Pictures are to be left out; every line from the one that holds "Volkswagen Passat 2.0 TDI B7 2014 — фото 5" to the end of the data is to be retyped exactly.

→ Material provided:
▬▬▬
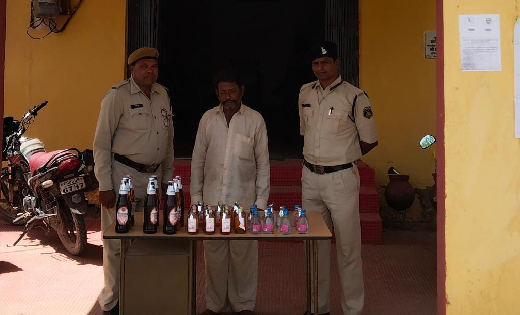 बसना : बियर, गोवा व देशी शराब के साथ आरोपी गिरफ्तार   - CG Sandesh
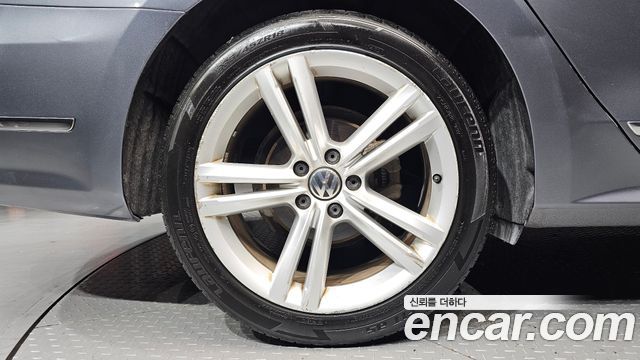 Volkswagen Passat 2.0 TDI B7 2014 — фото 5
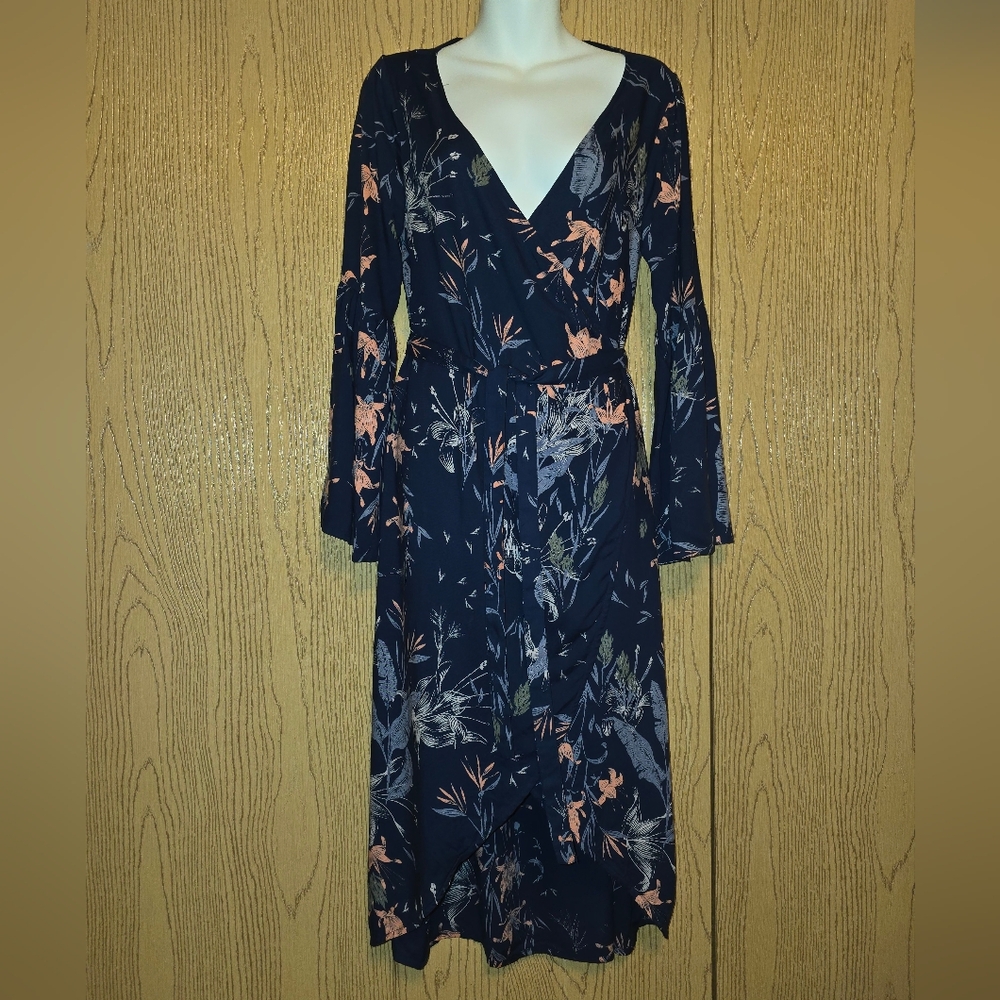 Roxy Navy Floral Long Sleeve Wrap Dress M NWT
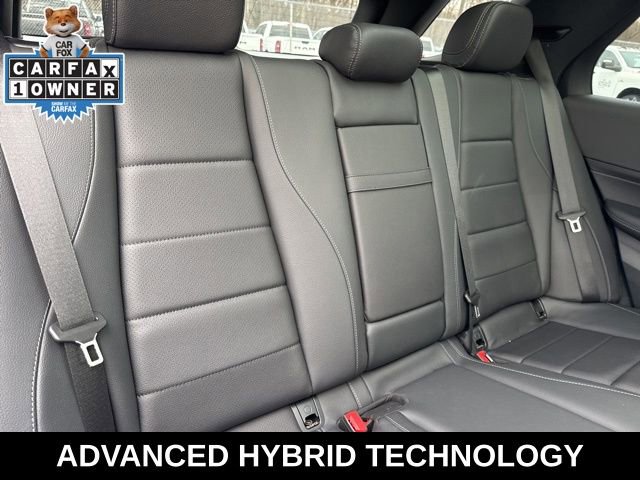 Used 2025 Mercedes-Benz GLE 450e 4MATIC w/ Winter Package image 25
▬▬▬
→ The completed task:
 Volkswagen Passat 2.0 TDI B7 2014 — фото 5
 Roxy Navy Floral Long Sleeve Wrap Dress M NWT
 Used 2025 Mercedes-Benz GLE 450e 4MATIC w/ Winter Package image 25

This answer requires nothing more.